For the past month, I have had a void in my heart and I have been waiting for another cat to find me. My grandmother has a feral colony on her property, it is where I keep my horses so I see them daily. I have always kept tabs on them. I had been noticing a bold little siamese looking kitten/cat who watched be intently and could not wait to explore the feed room, my jeep, anything that I had opened or been in was fair game for exploration. I thought it was a very pretty cat and I love the adventureous personality. I pointed it out to my husband and he agreed - little siamese was to be our next cat. The kitten/cat has been dubbed Tribble and is now right beside me in a kennel as I type this. Tribble is amazing so far. No hissing, growling or lashing out - but obviously scared. I think I can earn Tribble's trust. Time will tell. I will keep updating the process in the feral cat forum.

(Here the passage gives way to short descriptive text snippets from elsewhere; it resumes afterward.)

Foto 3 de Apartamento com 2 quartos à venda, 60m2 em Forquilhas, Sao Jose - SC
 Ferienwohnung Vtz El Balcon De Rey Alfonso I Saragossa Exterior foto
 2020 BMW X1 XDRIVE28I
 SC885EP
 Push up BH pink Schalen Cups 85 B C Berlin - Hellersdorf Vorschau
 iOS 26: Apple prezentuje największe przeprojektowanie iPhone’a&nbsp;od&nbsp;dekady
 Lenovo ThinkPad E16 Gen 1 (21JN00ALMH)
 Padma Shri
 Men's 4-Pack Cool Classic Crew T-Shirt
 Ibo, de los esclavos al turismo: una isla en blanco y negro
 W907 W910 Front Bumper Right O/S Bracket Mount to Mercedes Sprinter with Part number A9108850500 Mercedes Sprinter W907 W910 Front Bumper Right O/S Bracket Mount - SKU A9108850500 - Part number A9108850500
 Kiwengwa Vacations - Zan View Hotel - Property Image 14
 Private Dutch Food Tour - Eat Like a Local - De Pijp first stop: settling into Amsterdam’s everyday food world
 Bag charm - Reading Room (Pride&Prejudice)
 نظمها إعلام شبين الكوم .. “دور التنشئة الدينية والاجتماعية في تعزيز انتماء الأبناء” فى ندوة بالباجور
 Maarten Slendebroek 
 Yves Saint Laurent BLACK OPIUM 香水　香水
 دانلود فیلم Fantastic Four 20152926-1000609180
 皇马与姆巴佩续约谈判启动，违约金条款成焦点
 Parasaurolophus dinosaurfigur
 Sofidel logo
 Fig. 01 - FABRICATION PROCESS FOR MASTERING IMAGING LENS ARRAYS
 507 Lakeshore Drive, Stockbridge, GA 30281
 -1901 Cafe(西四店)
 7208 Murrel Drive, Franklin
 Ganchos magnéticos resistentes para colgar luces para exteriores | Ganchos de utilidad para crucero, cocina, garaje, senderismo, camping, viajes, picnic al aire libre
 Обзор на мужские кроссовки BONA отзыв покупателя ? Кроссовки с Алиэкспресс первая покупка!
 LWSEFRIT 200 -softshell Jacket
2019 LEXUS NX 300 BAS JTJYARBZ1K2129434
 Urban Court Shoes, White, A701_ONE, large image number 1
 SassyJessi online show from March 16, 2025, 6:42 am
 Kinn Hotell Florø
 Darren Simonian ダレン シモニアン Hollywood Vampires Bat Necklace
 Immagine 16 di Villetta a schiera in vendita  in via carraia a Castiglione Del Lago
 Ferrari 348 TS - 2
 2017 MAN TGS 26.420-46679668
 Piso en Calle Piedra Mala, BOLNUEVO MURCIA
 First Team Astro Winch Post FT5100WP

Now, some pictures of my kids! The orange kitty is Tenacious D, Tribble is the one that is in jail.


----------



## kitkat (Sep 22, 2003)

Beautiful animals and I'm sorry to hear about Tenacious D. I enjoyed your pictures and welcome to the board :wink


----------



## Kiraz (Sep 11, 2006)

Very nice animals! Welcome on forum!


----------



## Jessie_pen (Sep 30, 2006)

Hi and what beautiful animals you have


----------



## DesnBaby (Apr 18, 2004)

Welcome to the board







, you've got lovely cats







, sorry about Tenacious D  .


----------



## Jeanie (Jun 18, 2003)

Hi, and welcome! I know about Tribble and hope he proves to be as friendly as he seems to be. I love the horses too!


----------